Memes e piadas continuam liberados
A regra não quer acabar com o bom humor na internet. O plenário deve confirmar que conteúdos como memes, caricaturas, montagens de zoeira e animações não serão proibidos, desde que fique óbvio para qualquer pessoa que aquilo é apenas uma brincadeira ou ficção, e não uma tentativa de enganar o eleitor.
Quais serão as punições?
Se um candidato usar um vídeo proibido, a campanha poderá ser obrigada a apagar o conteúdo rapidamente e ainda pagar uma multa. Punições mais pesadas, como a perda do registro de candidatura (cassação), só devem acontecer em casos muito graves, com reincidência e grande impacto na disputa eleitoral.
Atualmente, a regra do TSE já proíbe qualquer vídeo ou áudio manipulado por IA para ajudar ou prejudicar candidatos, mesmo que a pessoa representada tenha autorizado o uso. Algumas campanhas tentaram defender o uso de vídeos criados por IA para promover seus próprios candidatos — a chamada “deepfake do bem” —, mas os ministros avaliam que liberar isso abriria espaço para o eleitor ser enganado e causaria uma avalanche de processos na Justiça.
O caso que gerou a discussão
Toda essa discussão chegou ao TSE após uma ação movida por partidos aliados ao governo contra um vídeo exibido na convenção do PL. Na ocasião, foi passado um vídeo gerado por IA com a imagem do ex-presidente Jair Bolsonaro — que cumpre pena e está em prisão domiciliar — pedindo votos para o candidato do partido à Presidência, Flávio Bolsonaro.

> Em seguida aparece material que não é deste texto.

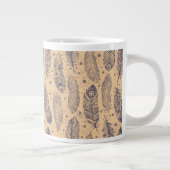 エスニックフェザーの輪郭パターン ジャンボコーヒーマグカップ (右)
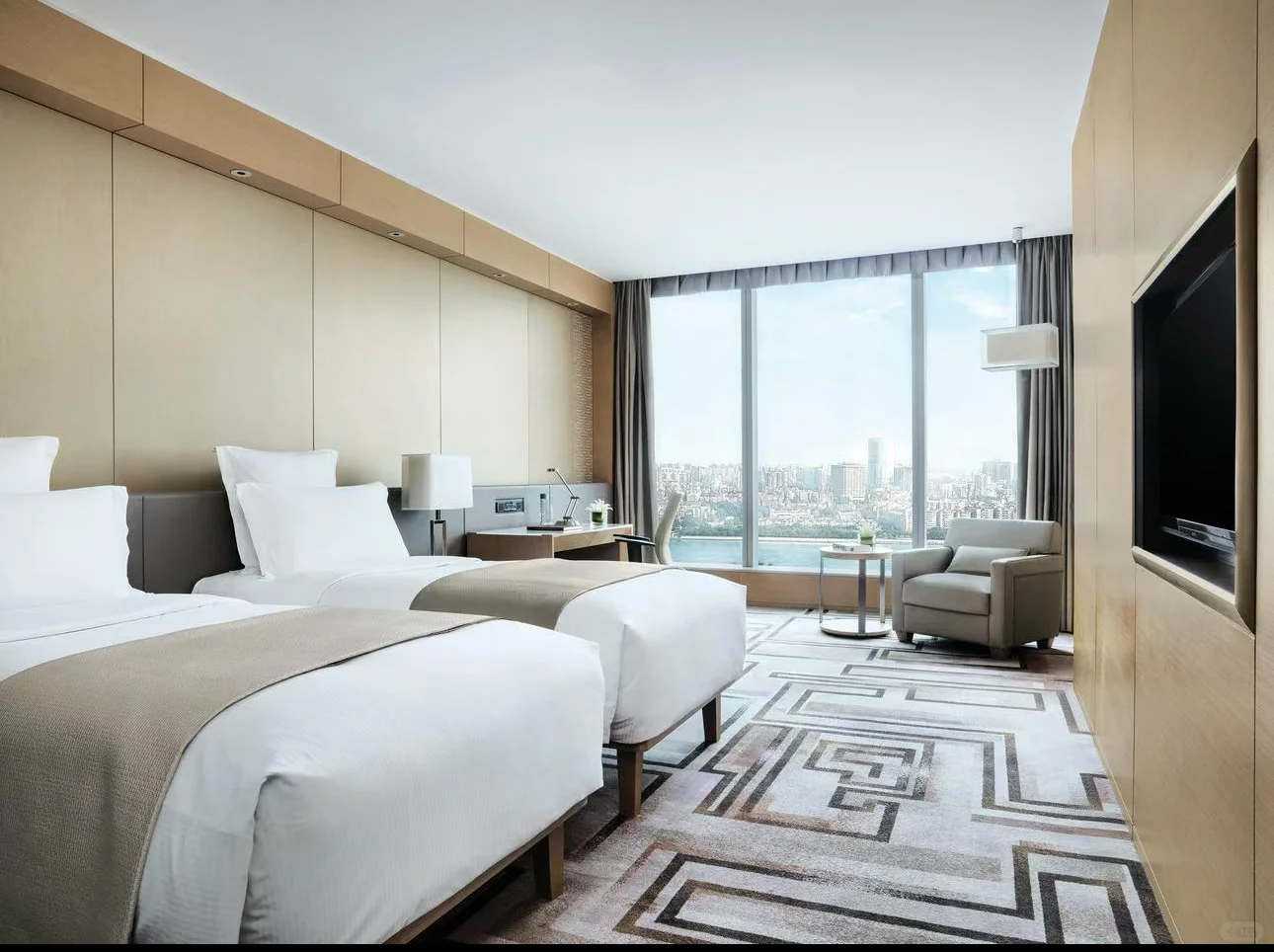 头一次看到广州朗豪300+/晚，广交会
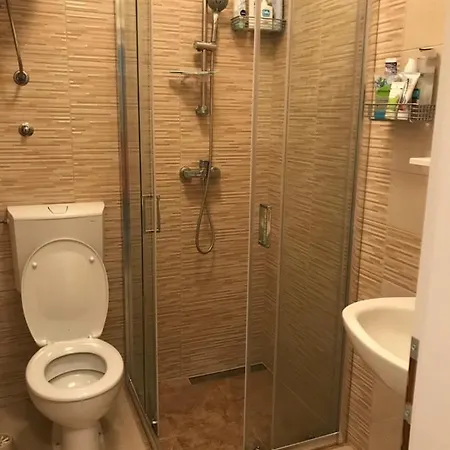 Nella Apartman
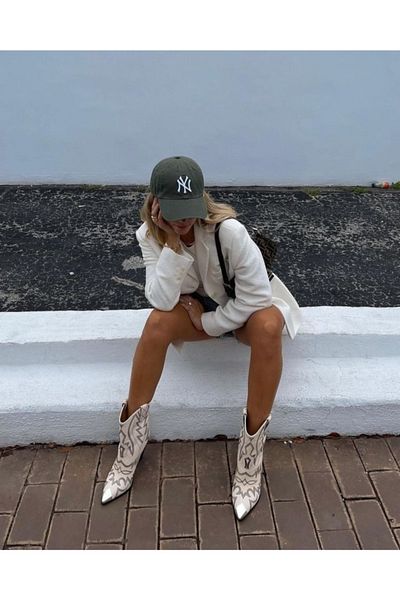 Goldmine Unisex Baseball Nyc Hat Khaki - White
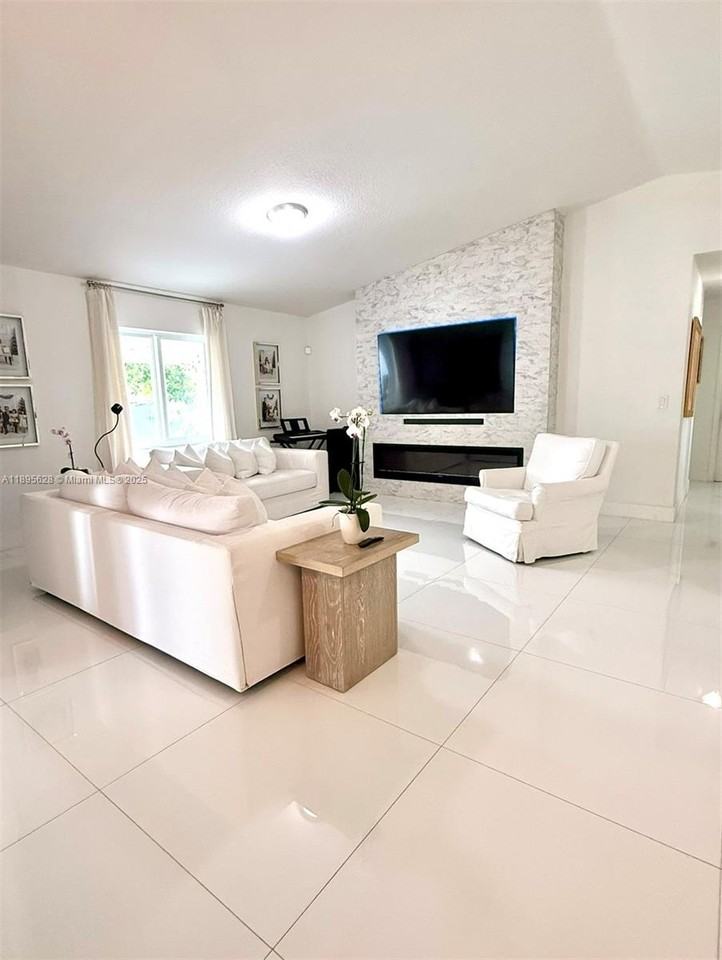 25857 Sw 132nd Ct - Photo 2 of 8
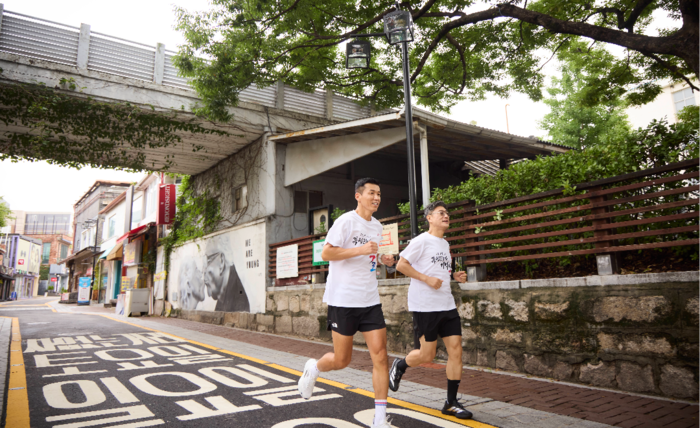  정재헌 SK텔레콤 사장(오른쪽)이 지난 8일 ‘독립을 이끈 여성들을 기억하길’ 코스를 달리며 애국지사들을 기렸다. [SK텔레콤]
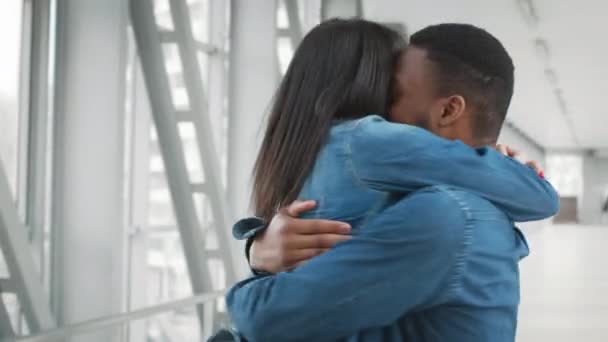 Alegre afro-americano casal abraçando e girando encontro no aeroporto — Vídeo de Stock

A defesa argumentou que o uso da tecnologia era óbvio para quem assistia, comparando o recurso a máscaras ou bonecos usados historicamente em campanhas. No entanto, entre os ministros do TSE, há divergências: parte avalia que o vídeo merece multa por poder confundir o público, enquanto outra parte defende que não houve infração, já que o material foi exibido em um evento fechado para militantes do partido.